--- Records for the task ---
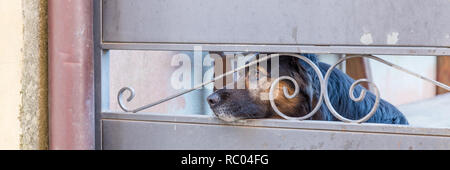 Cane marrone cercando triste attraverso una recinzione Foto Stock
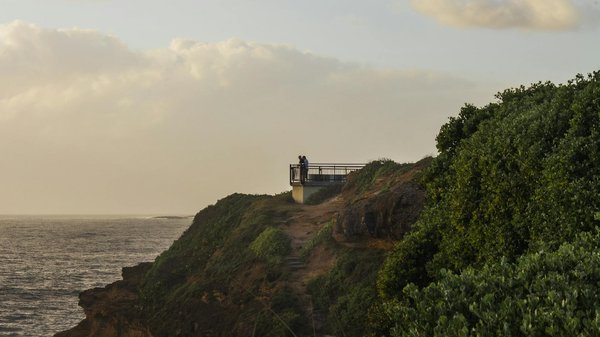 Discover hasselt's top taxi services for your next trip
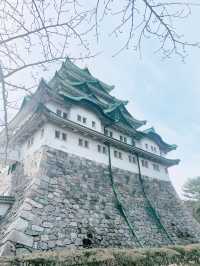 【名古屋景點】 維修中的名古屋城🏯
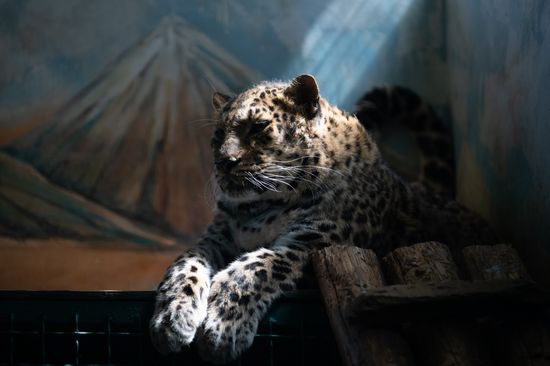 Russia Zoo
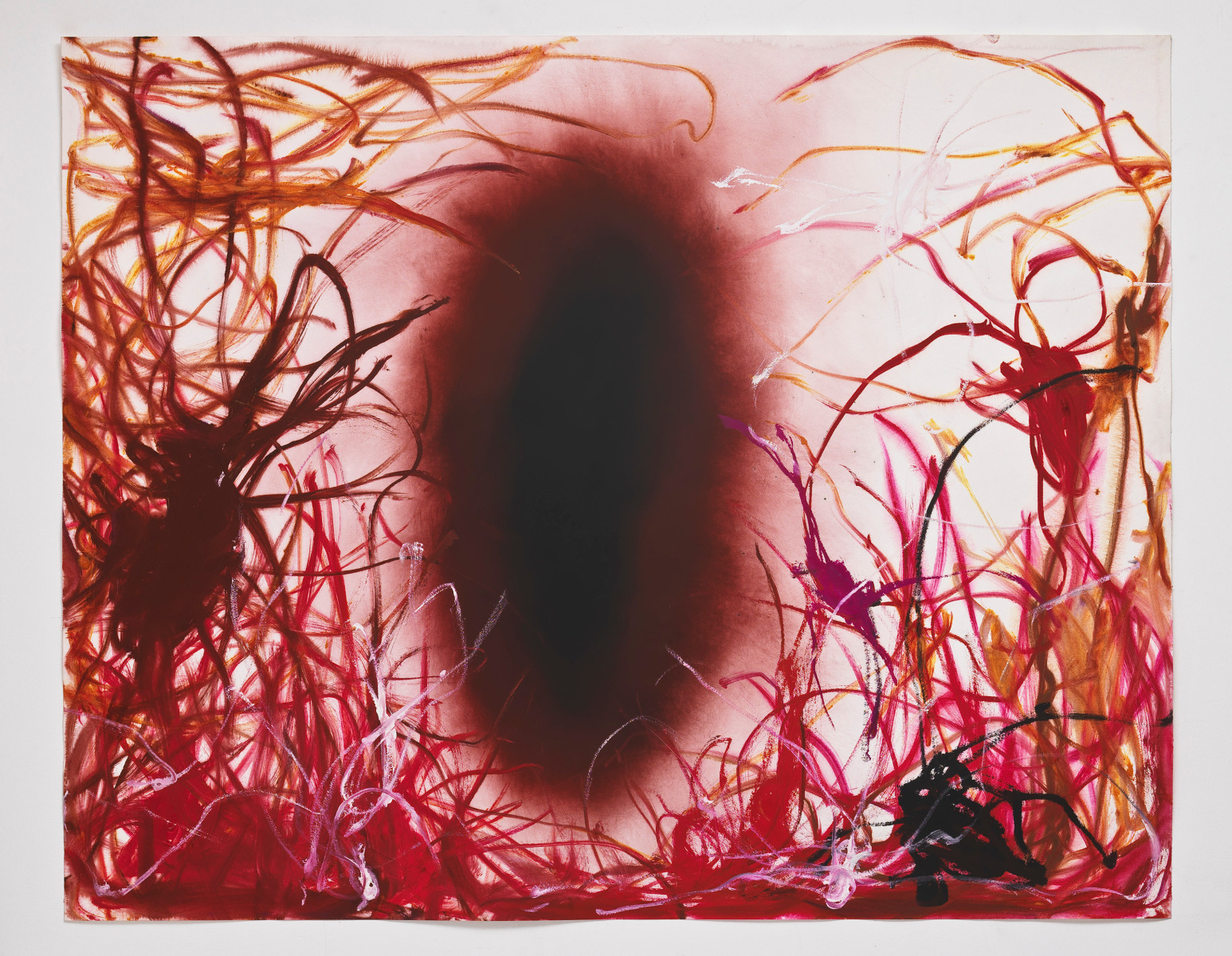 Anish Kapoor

...

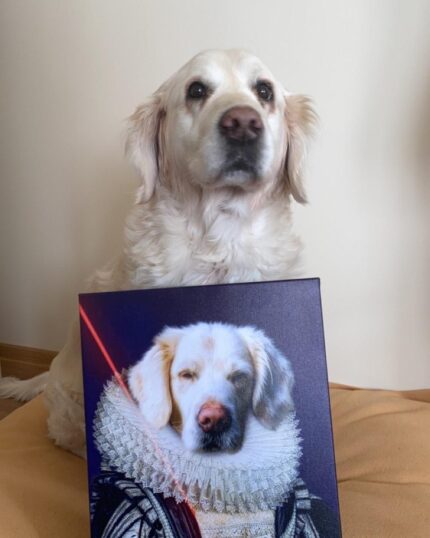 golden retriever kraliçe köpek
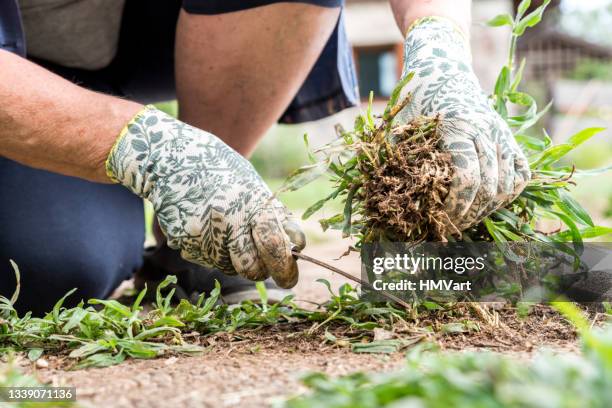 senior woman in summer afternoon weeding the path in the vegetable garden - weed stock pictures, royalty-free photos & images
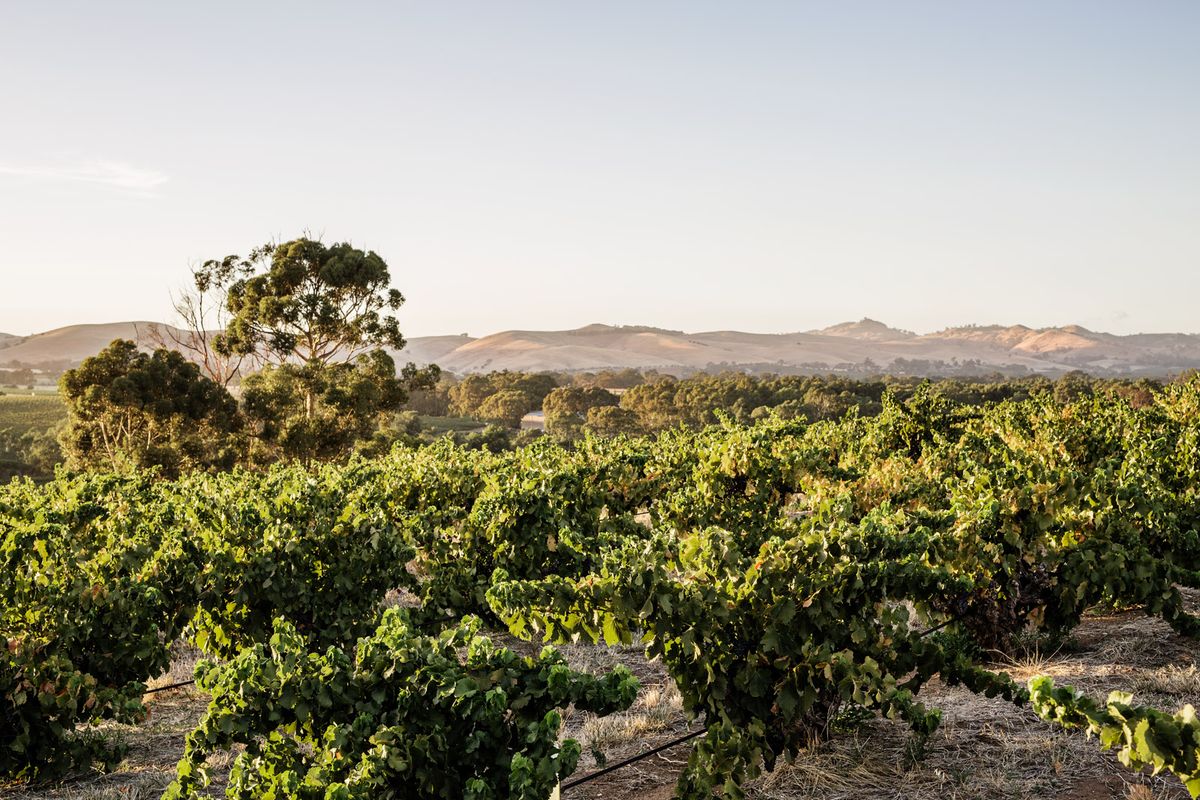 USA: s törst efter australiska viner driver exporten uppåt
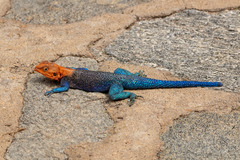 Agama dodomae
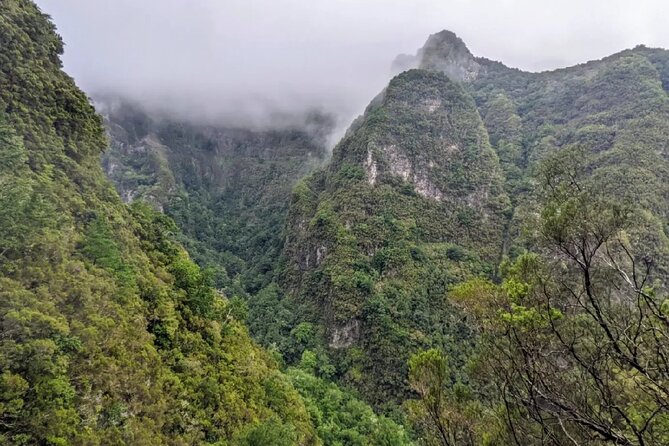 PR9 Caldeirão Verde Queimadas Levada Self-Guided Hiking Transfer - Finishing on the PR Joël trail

==

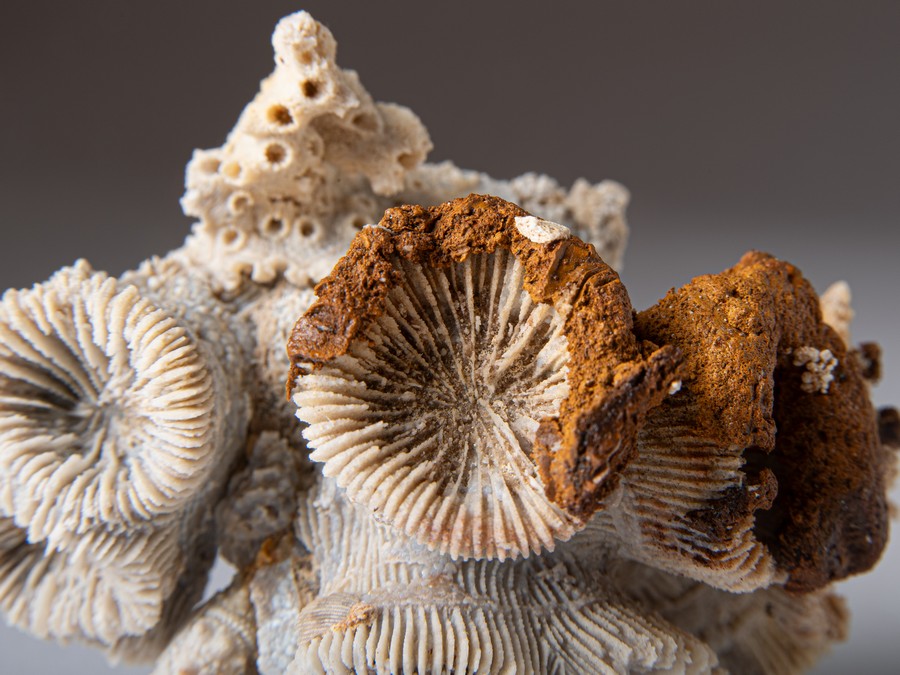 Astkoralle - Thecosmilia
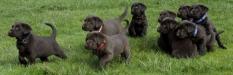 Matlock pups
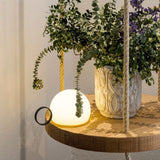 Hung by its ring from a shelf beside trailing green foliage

--- Activity ---
"senior woman in" marks the first line to copy, and "PR9 Caldeirão Verde" marks the last. Repeat that stretch above exactly, with no pictures.

--- Answer space ---
 senior woman in summer afternoon weeding the path in the vegetable garden - weed stock pictures, royalty-free photos & images
 USA: s törst efter australiska viner driver exporten uppåt
 Agama dodomae
 PR9 Caldeirão Verde Queimadas Levada Self-Guided Hiking Transfer - Finishing on the PR Joël trail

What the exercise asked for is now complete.